Task item:
Repeat, word for word, each of the records shown below, without their pictures.

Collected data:
··········

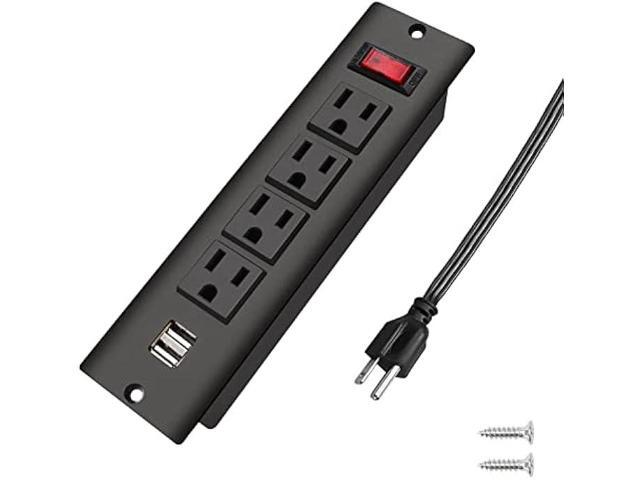 Recessed Power Strip with USB Flush Mount Power Outlet Built in Desktop Power Extension Cord Plug for Countertop Kitchen Drawer Conference Cabinet...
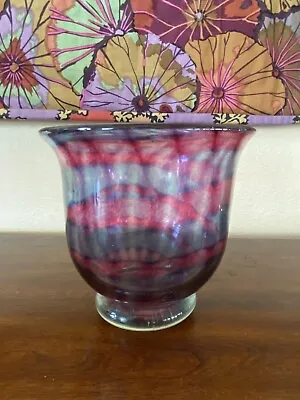 Buy VINTAGE ART 5.5” Footed Purple And Pink Swirled HAND BLOWN Hurricane GLASS 1909 • 14.39£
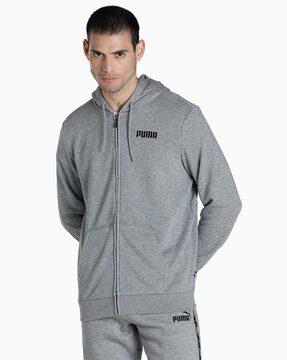 heathered hooded sweatshirt with zip-front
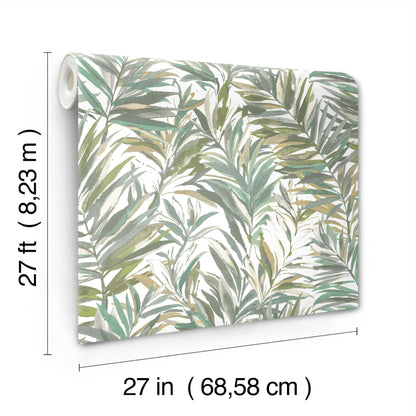 York Wallcoverings Woodnote Swaying Palms Olive & Aegean Wallpaper Botanical Tropical Olive & Aegean  Wallpaper - GN2542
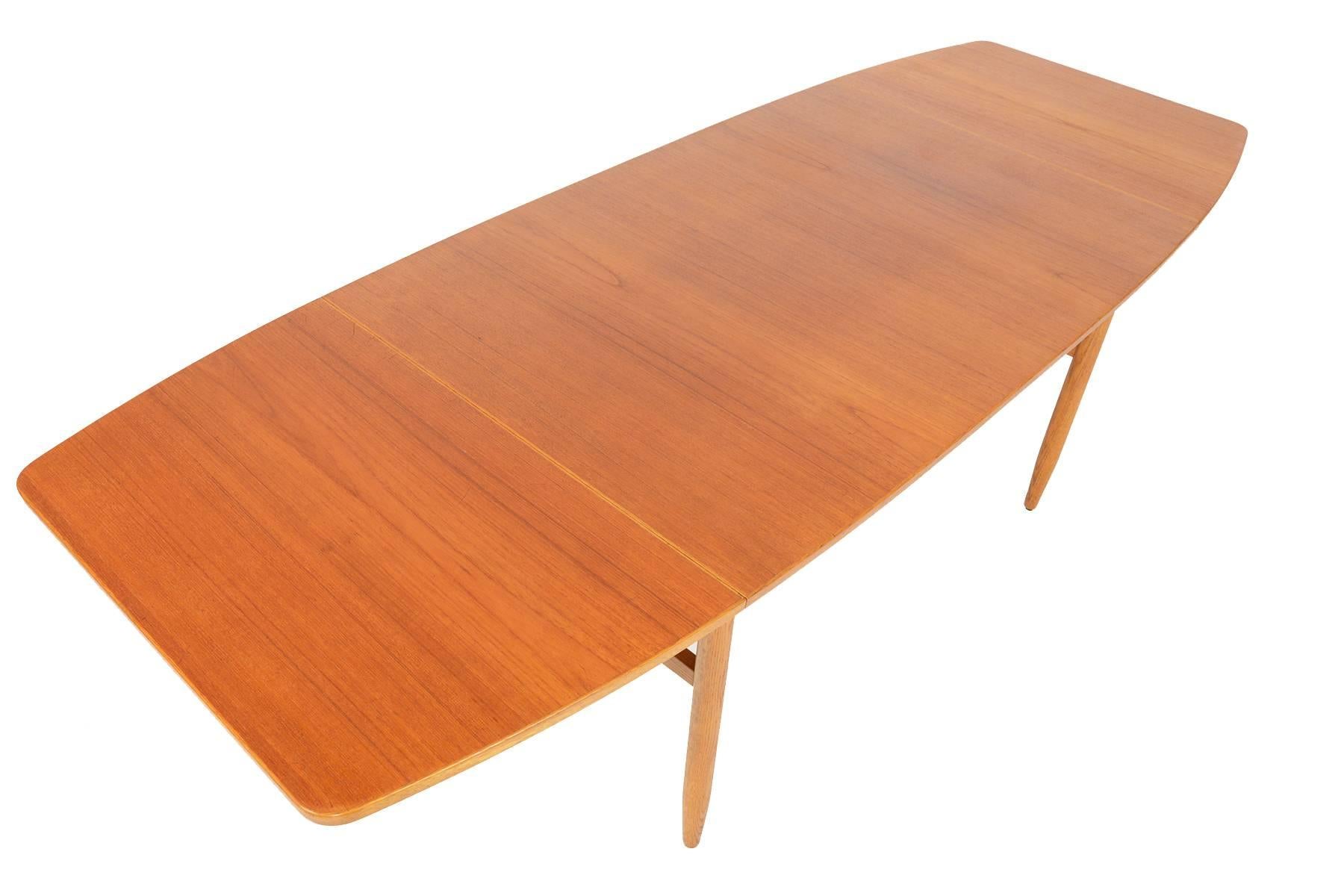 Teak and Oak Drop-Leaf Dining Table 1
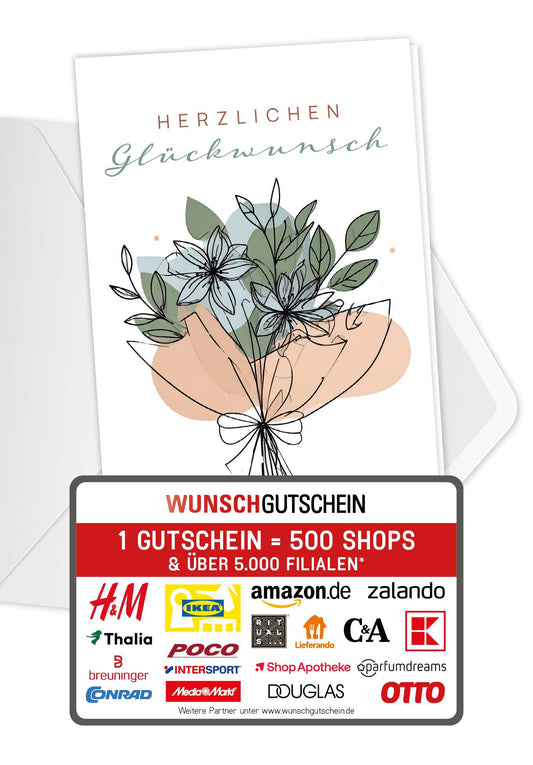 Herzlichen Glückwunsch - Blumenstrauß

··········

Output of the task:
 Recessed Power Strip with USB Flush Mount Power Outlet Built in Desktop Power Extension Cord Plug for Countertop Kitchen Drawer Conference Cabinet...
 Buy VINTAGE ART 5.5” Footed Purple And Pink Swirled HAND BLOWN Hurricane GLASS 1909 • 14.39£
 heathered hooded sweatshirt with zip-front
 York Wallcoverings Woodnote Swaying Palms Olive & Aegean Wallpaper Botanical Tropical Olive & Aegean  Wallpaper - GN2542
 Teak and Oak Drop-Leaf Dining Table 1
 Herzlichen Glückwunsch - Blumenstrauß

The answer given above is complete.